[Opening DATA section]

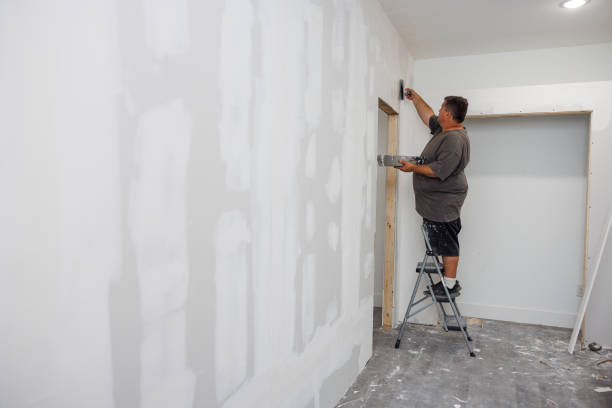 Best Basement Mold Removal  in Ellenton, FL
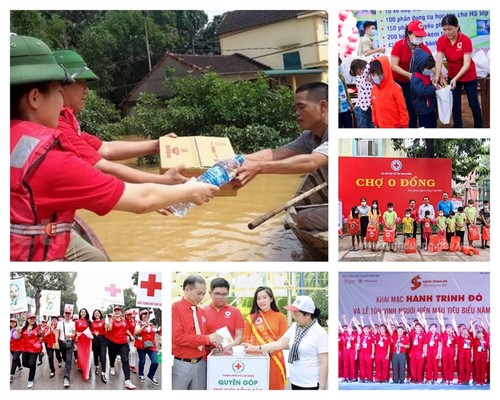 人道主义行动月：各级红十字会全力援助10万个人道主义地址 - ảnh 1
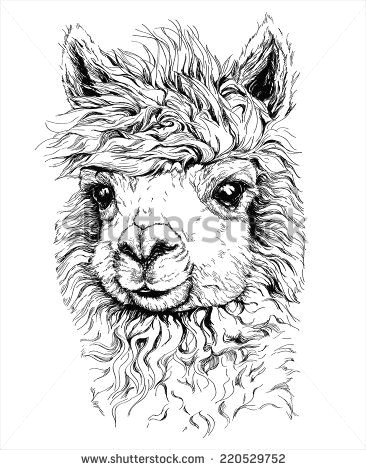 Cute Llama Drawing Realistic Sketch Of Lama Alpaca Black and White Drawing isolated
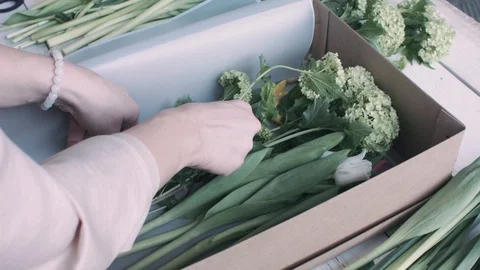 Florist puts inside cardboard box flowers Stock Footage 128138792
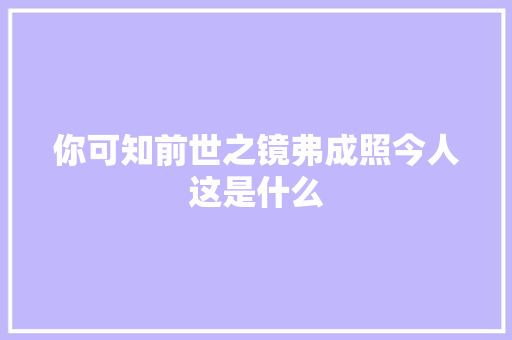 你可知前世之镜弗成照今人这是什么
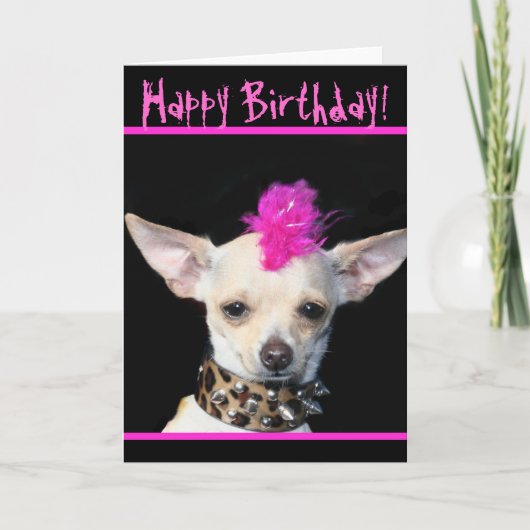 Happy Birthday Chihuahua Punk greeting card Karte (Vorderseite)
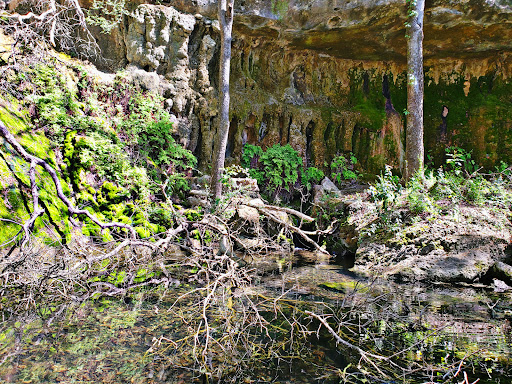 Orion Falls - Visual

[Closing DATA section]

TASK ITEM: Quote each line of the listing exactly, but leave the pictures out.

ANSWER:
 Best Basement Mold Removal  in Ellenton, FL
 人道主义行动月：各级红十字会全力援助10万个人道主义地址 - ảnh 1
 Cute Llama Drawing Realistic Sketch Of Lama Alpaca Black and White Drawing isolated
 Florist puts inside cardboard box flowers Stock Footage 128138792
 你可知前世之镜弗成照今人这是什么
 Happy Birthday Chihuahua Punk greeting card Karte (Vorderseite)
 Orion Falls - Visual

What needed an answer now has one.